A thought about BFS queue size

There was a Topcoder SRM this morning and one of the problems was essentially to compute the shortest distance between two points on a 2-dimensional grid.  I usually never stick around for the challenge round because I usually dwell on two or three programs, not really understanding them, before time runs out. But I’m going to try reading code from now on because, well, it’s a weakness of mine, and also you get to see different approaches to problems you’d thought were pretty hard.

Back to the problem, another guy in my room took a different approach from mine and implemented breadth-first search. Basically, you expand outwards uniformly from the source node searching for a destination node. The advantage is that once you find the destination node, you have the shortest path and are done. Sadly, a mistake in the implementation ruined this good approach.

It took me a while to figure out that the guy had implemented his own queue for BFS, using a fixed-size array and pointers to the front and back.  The terminating condition in this case would be to check whether the front and back pointers were the same, ie. the queue is empty. It wasn’t until I could run the program in a debugger that I noticed the program was segfaulting due to the front pointer extending way beyond the upper bound of the array. However! I didn’t recognize this for what it was and decided to patch things up by turning the queue into a circular queue.

This fixed the problem for the grid-type graphs that the problem was giving out, but it left me wondering about a fixed queue size that could handle all cases. In the worst case, BFS will visit every node in a graph once, and in theory, it’s possible to queue up all of the nodes at the very first step. The program that I “fixed” with a circular queue was using a fixed size queue with a size that was an order of magnitude lower than the maximum number of nodes that could be dished out by the problem. I was definitely lucky that the number of nodes enqueued at any one time never exceeded the magic number being used to size the queue.

So it’s interesting to think about what that running number – the number of nodes enqueued at any given time during BFS – represents and whether we are able to give an upper bound for it. At any given moment, it gives the size of a “cross-section” of the graph.

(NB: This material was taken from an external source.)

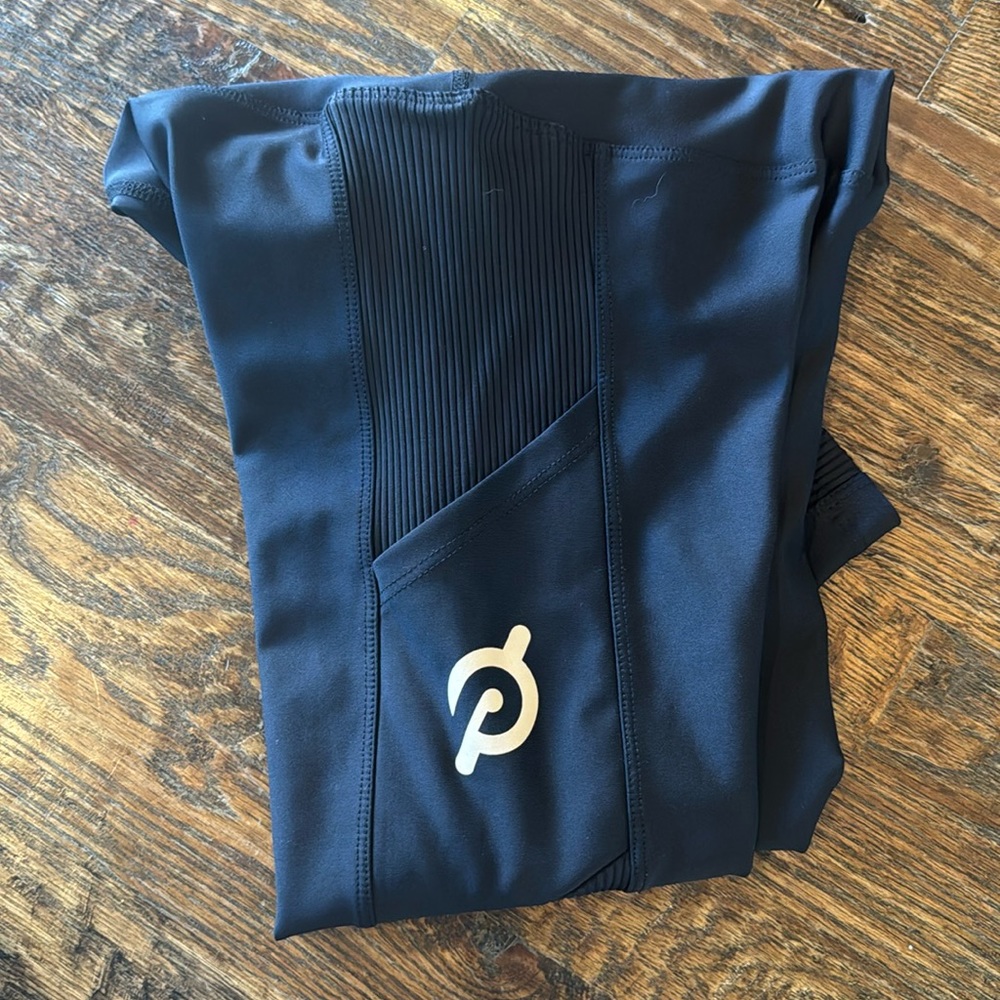 Peloton leggings size small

I guess without knowing about the structure of the graph, you can’t really assume much and so you have to bound the queue by the total nodes in the graph. The graphs in this problem were 4-regular, ie. every node has 4 adjacent nodes, and since the program was passing, this upper bound is definitely an overestimate.

I guess the moral of the story is to use the data structures provided by your local library, because thinking about upper bounds can be a deal breaker, and implementing your own data structure on the fly is error-prone and definitely cost this guy a hundred and some points.